I tried it on my MacBook Air, running Mojave, and it actually worked! While I still got the first (rather odd) warning message on the console
Warning message:
In utils::packageDescription(package, fields = "Version") :
no package 'PKG' was found
the interactive help window does display the intended documentation:
Naturally, this does not exactly solve my problem—the scripts will be executed on a VM running Windows, just like my Lenovo and every other computer used at my company. However, it does support the hypothesis that this issue is specific to box
on Windows.
Konrad has kindly confirmed that this is indeed a bug, and he's working on a fix. Many thanks to Konrad for his clarification and responsiveness!
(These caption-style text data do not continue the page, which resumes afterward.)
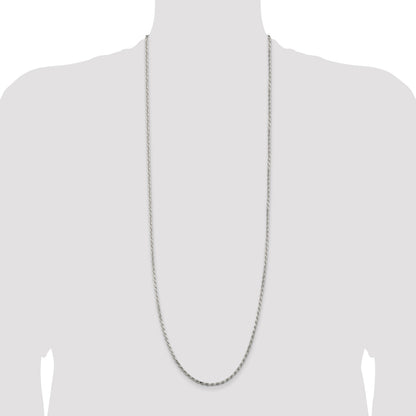 Sterling Silver Rhodium-plated 2.5mm Diamond-cut Rope Chain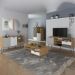 Conjunto Sala Estar Rack TV 60 Pol Carvalho Branco Grafite Prata ARLY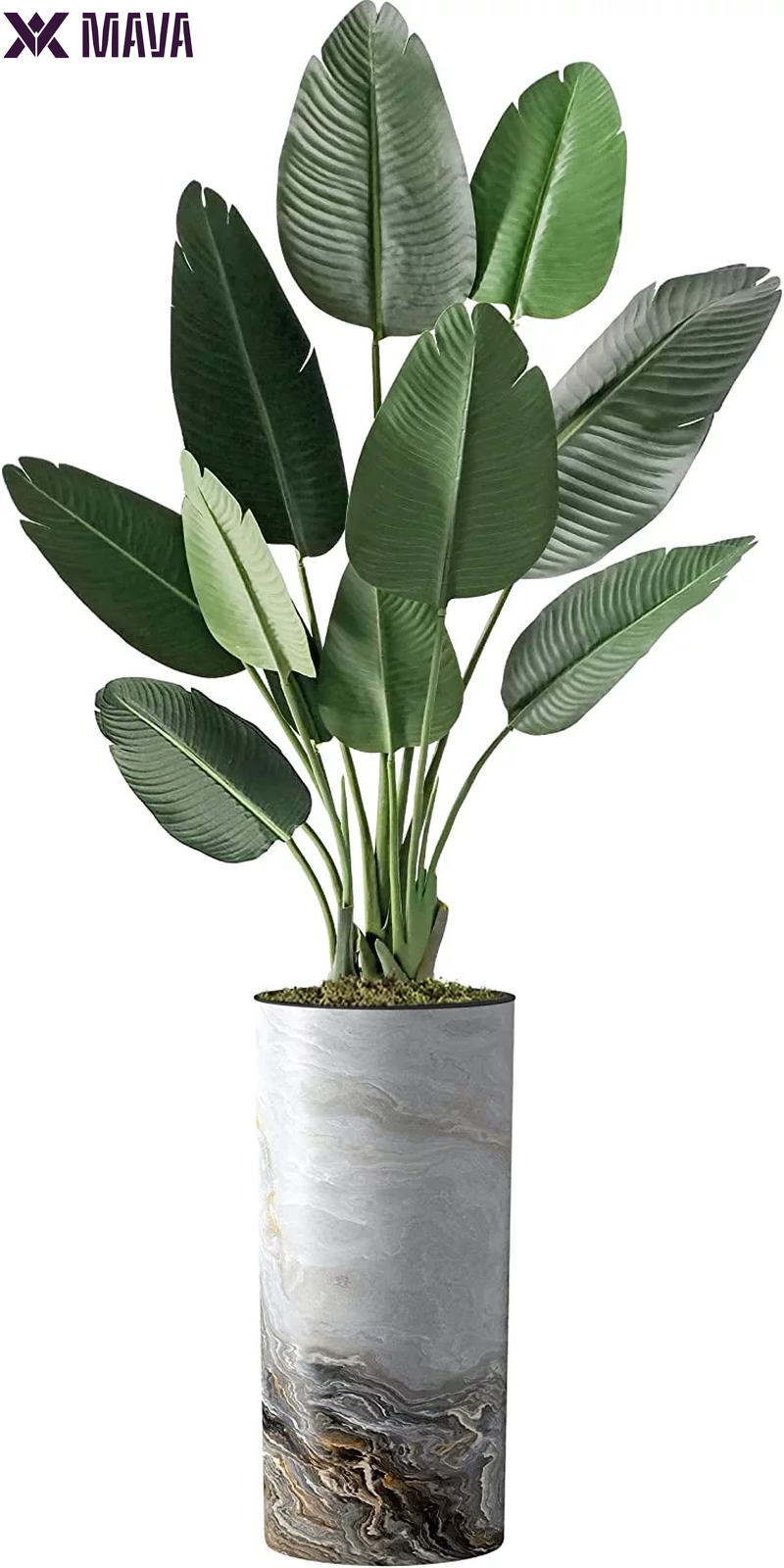 MAVA Artificial Tree in Geometric Spiral Pattern Planter, Fake Bird of Paradise Silk Tree for Indoor and Outdoor Home Decoration - 67" Overall Tall (Plant Pot plus Tree)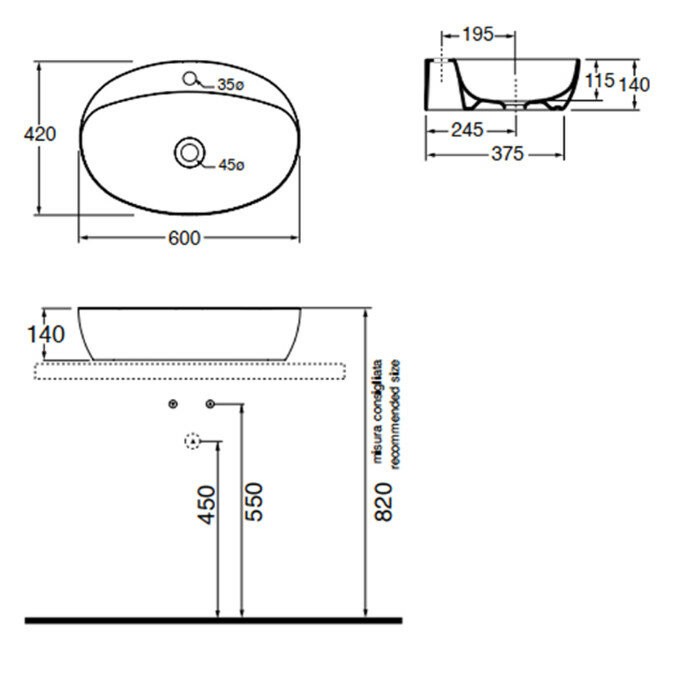 Azzurra Раковина 42x60 Elegance, ELLA060420CMBI/(ECI60M bi)*1 цвет: белый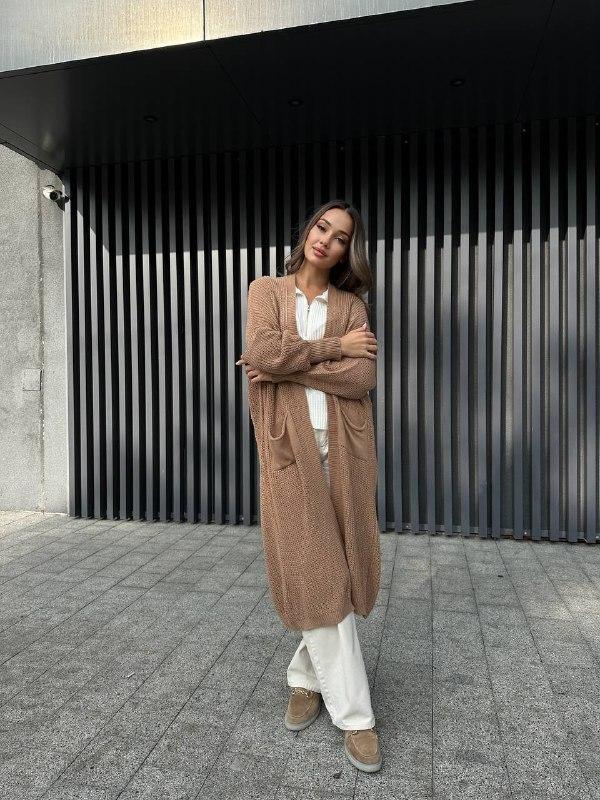 Жіночий кардиган; Колір: коричневий, молочний і чорний; Розмір: універсальний;, фото 1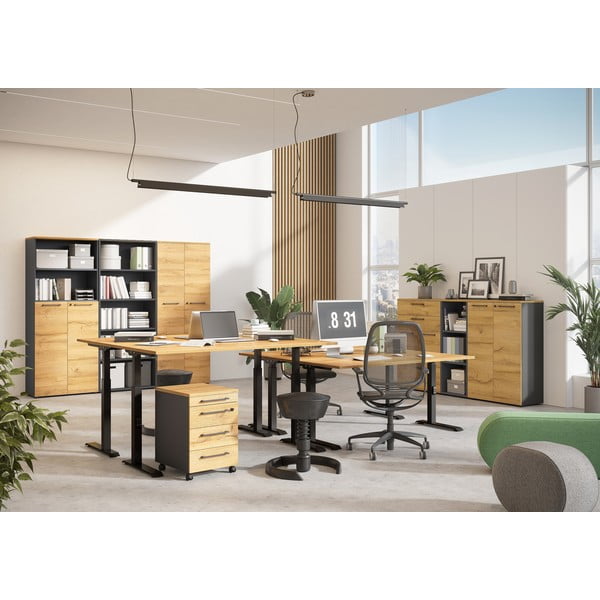 Biurko z elektryczną regulacją wysokości z blatem w dekorze dębu 80x160 cm Agenda – Germania-image-4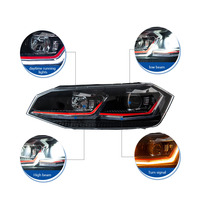 LKS 2019-2022 pour Polo : Ensemble de phares améliorés avec projecteur LED double style L et clignotants séquentiels 12V 6000 Lumens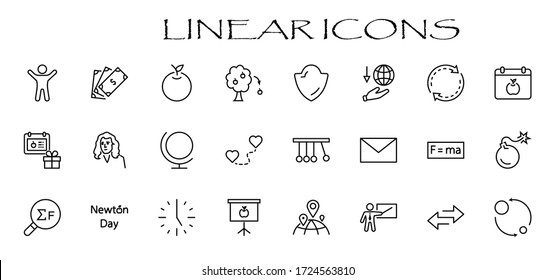 Newton's Day Set Line Vector Icon. Contains such Icons as Newton, Laws of physics and gravity, Flying Apple, Calendar, Teacher, blackboard and projector Editable Stroke. 32x32 Pixels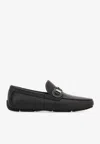 Ferragamo Gancini Leather Loafers In Black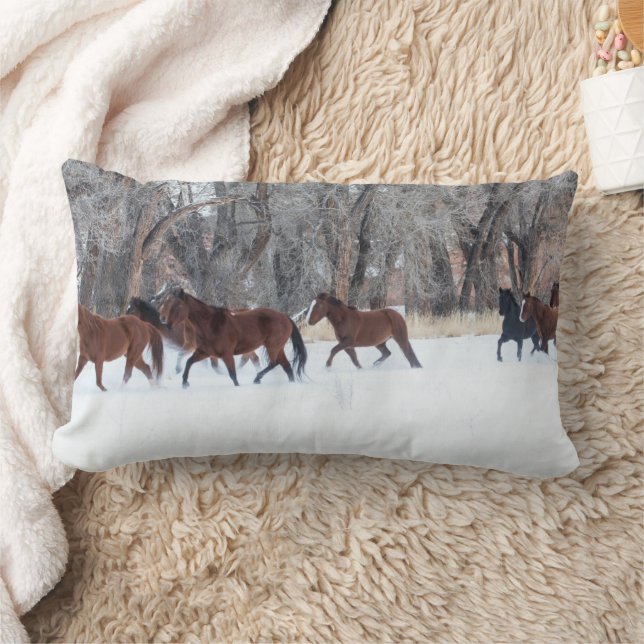 Herd of Horses Running in Winters Snow Lumbar Pillow (Blanket)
As noted, that’s a bug, now fixed.
But since we’re here, a word on usage:
# Set the working directory to the location of this very script. setwd(this.path::this.dir())
This is generally not recommended. To quote Jenny Bryan:
If the first line of your R script is
setwd("C:\Users\jenny\path\that\only\I\have")
I will come into your office and SET YOUR COMPUTER ON FIRE 🔥.
‘box’ also doesn’t need this; instead, the idea is to configure a global module search path (equivalent to R’s package library, see .libPaths()
), e.g. via the box.path
option (this would usually go into the user’s .Rprofile
configuration — not in the script itself!):
options(box.path = 'C:\User\Konrad\some\path')
Afterwards, modules that are installed in this search path will be found by box::use
.
As noted, this should be a global setting. To use project-specific modules, you wouldn’t set a global search path; instead, you’d use relative imports:
box::use(./Resources/Modules/time)
This should work regardless of the working directory; it uses the calling script’s location instead. Consequently, this.path::this.dir()
or similar hacks are never necessary with ‘box’. And to find data files, ‘box’ provides the box::file
function which also works regardless of the current working directory.